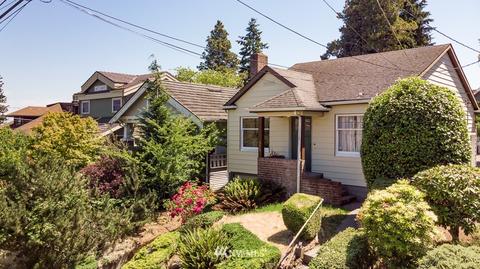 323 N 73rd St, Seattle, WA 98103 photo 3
════════════════
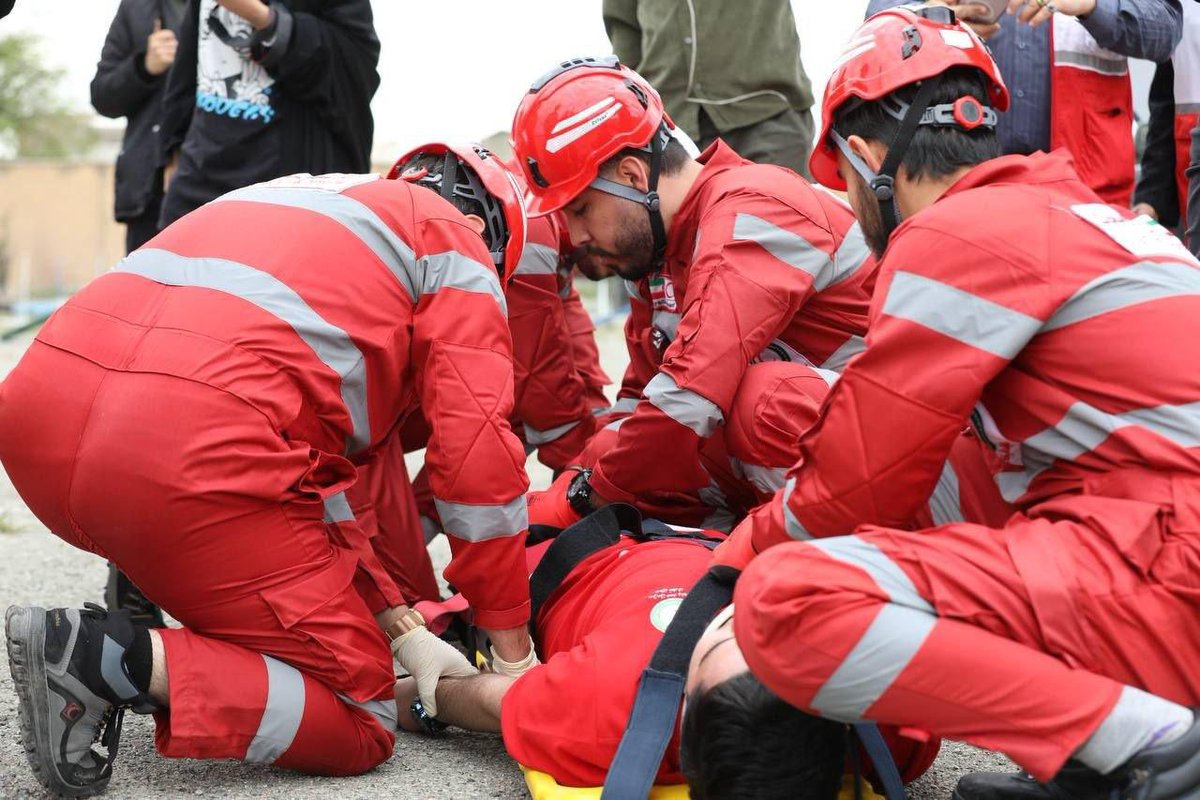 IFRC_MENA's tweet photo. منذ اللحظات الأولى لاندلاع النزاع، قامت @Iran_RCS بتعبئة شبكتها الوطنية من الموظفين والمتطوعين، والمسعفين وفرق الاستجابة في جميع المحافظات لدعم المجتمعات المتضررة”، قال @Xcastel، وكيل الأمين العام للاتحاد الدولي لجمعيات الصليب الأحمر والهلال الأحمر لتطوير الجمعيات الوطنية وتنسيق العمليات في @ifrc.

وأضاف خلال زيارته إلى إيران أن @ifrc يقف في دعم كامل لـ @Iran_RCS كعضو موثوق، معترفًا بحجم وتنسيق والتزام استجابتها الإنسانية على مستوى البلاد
════════════════
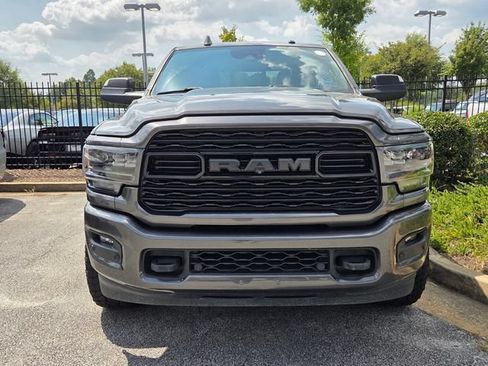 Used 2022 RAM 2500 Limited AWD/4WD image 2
════════════════
The result should be an exact copy of only the lines above from the one that holds "IFRC_MENA's tweet photo." through the one that holds "وأضاف خلال زيارته", both ends included, without pictures.

Final answer ▸
 IFRC_MENA's tweet photo. منذ اللحظات الأولى لاندلاع النزاع، قامت @Iran_RCS بتعبئة شبكتها الوطنية من الموظفين والمتطوعين، والمسعفين وفرق الاستجابة في جميع المحافظات لدعم المجتمعات المتضررة”، قال @Xcastel، وكيل الأمين العام للاتحاد الدولي لجمعيات الصليب الأحمر والهلال الأحمر لتطوير الجمعيات الوطنية وتنسيق العمليات في @ifrc.

وأضاف خلال زيارته إلى إيران أن @ifrc يقف في دعم كامل لـ @Iran_RCS كعضو موثوق، معترفًا بحجم وتنسيق والتزام استجابتها الإنسانية على مستوى البلاد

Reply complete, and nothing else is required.